Restate every line of the material, word for word.

─── Data to use

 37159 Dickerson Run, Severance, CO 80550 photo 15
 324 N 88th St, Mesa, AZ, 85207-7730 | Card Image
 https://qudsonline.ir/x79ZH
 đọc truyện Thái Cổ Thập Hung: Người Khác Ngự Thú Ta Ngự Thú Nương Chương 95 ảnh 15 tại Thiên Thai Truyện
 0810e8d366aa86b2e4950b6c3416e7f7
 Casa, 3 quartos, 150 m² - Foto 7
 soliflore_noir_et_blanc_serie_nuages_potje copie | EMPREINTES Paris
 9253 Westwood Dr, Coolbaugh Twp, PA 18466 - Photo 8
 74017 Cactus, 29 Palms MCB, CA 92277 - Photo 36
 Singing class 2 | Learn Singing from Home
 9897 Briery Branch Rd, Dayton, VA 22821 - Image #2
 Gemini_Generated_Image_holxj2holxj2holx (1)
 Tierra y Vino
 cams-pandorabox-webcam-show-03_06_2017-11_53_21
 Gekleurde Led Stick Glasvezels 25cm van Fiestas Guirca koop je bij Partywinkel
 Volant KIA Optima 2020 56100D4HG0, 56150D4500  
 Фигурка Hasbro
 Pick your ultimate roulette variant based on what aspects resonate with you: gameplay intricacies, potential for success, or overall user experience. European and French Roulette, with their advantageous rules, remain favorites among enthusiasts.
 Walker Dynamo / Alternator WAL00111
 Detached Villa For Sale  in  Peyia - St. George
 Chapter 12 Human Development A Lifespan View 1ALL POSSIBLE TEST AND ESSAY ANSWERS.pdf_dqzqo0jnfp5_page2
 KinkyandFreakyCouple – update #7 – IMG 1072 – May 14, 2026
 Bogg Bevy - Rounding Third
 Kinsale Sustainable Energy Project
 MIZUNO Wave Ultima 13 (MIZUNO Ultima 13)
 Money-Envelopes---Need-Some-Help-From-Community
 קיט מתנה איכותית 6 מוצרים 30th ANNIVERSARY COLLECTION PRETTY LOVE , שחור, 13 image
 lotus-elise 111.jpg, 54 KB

──────

▶ **Answer section**:
 37159 Dickerson Run, Severance, CO 80550 photo 15
 324 N 88th St, Mesa, AZ, 85207-7730 | Card Image
 https://qudsonline.ir/x79ZH
 đọc truyện Thái Cổ Thập Hung: Người Khác Ngự Thú Ta Ngự Thú Nương Chương 95 ảnh 15 tại Thiên Thai Truyện
 0810e8d366aa86b2e4950b6c3416e7f7
 Casa, 3 quartos, 150 m² - Foto 7
 soliflore_noir_et_blanc_serie_nuages_potje copie | EMPREINTES Paris
 9253 Westwood Dr, Coolbaugh Twp, PA 18466 - Photo 8
 74017 Cactus, 29 Palms MCB, CA 92277 - Photo 36
 Singing class 2 | Learn Singing from Home
 9897 Briery Branch Rd, Dayton, VA 22821 - Image #2
 Gemini_Generated_Image_holxj2holxj2holx (1)
 Tierra y Vino
 cams-pandorabox-webcam-show-03_06_2017-11_53_21
 Gekleurde Led Stick Glasvezels 25cm van Fiestas Guirca koop je bij Partywinkel
 Volant KIA Optima 2020 56100D4HG0, 56150D4500  
 Фигурка Hasbro
 Pick your ultimate roulette variant based on what aspects resonate with you: gameplay intricacies, potential for success, or overall user experience. European and French Roulette, with their advantageous rules, remain favorites among enthusiasts.
 Walker Dynamo / Alternator WAL00111
 Detached Villa For Sale  in  Peyia - St. George
 Chapter 12 Human Development A Lifespan View 1ALL POSSIBLE TEST AND ESSAY ANSWERS.pdf_dqzqo0jnfp5_page2
 KinkyandFreakyCouple – update #7 – IMG 1072 – May 14, 2026
 Bogg Bevy - Rounding Third
 Kinsale Sustainable Energy Project
 MIZUNO Wave Ultima 13 (MIZUNO Ultima 13)
 Money-Envelopes---Need-Some-Help-From-Community
 קיט מתנה איכותית 6 מוצרים 30th ANNIVERSARY COLLECTION PRETTY LOVE , שחור, 13 image
 lotus-elise 111.jpg, 54 KB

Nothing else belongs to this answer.